Heller also explained what the new space will mean for students of music. 

“This building for us is in some ways this melding between scholarship and performance, and we want our students to break down those boundaries,” she noted. 

One of the major features of the New Music Building is the Lee Music Performance and Rehearsal Room, which will be used by the Princeton University Orchestra, among other groups. According to Heller, being inside of the room, which has adjustable acoustics and wooden panels, makes you “[feel] like you are in an instrument.” 

Heller expressed her excitement for the opportunities that students will have to practice in this space. 

“In some ways, the experience of playing in an orchestra, in a large ensemble, is such a lesson in life. How to get along with people, how to collaborate,” said Heller. “The experience [students] are going to have in this room is extraordinary."

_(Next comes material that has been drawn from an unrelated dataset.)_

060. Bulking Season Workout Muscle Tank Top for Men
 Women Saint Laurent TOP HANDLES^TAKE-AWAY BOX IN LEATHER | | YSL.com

“This is not the experience you will have in a school of music … in some ways it’s so much better because our students are really able to do the arts. We now have the space for them … to do more in both of our buildings, and to marry that with their academic work and see connections that you might not have if you are in theatre school or drama school or dance school or music school,” Heller explained.

The Wallace Theater offers an innovative take on the traditional black box theater, with the “back” of the theater sitting on a curve. The space's 150 seats are able to be configured in numerous patterns, offering great artistic freedom for each show that takes place there. According to Cadden, this black box has been considered “the best outfitted black box theatre in the United States."

"There are things possible here that ... might not be possible anywhere else," Cadden noted.

Yaffe touched on some recurring themes of the complex, including the “deep musical expressions within the building,” such as the musically-inspired carpets, lights, and even window features, and the dubbed “dancing staircase” in the Wallace Dance Building that features ballet notation within its perforated design.  

Keeping in line with the University’s focus on sustainability, the complex boasts an array of sustainable features, including LED theatrical lighting, geothermal heating and cooling, green rooftops, and a LEED Silver certification.

The upcoming Festival of the Arts will mark the opening of the new space, offering over 100 performances, most free of charge, to members of the University community and the general public.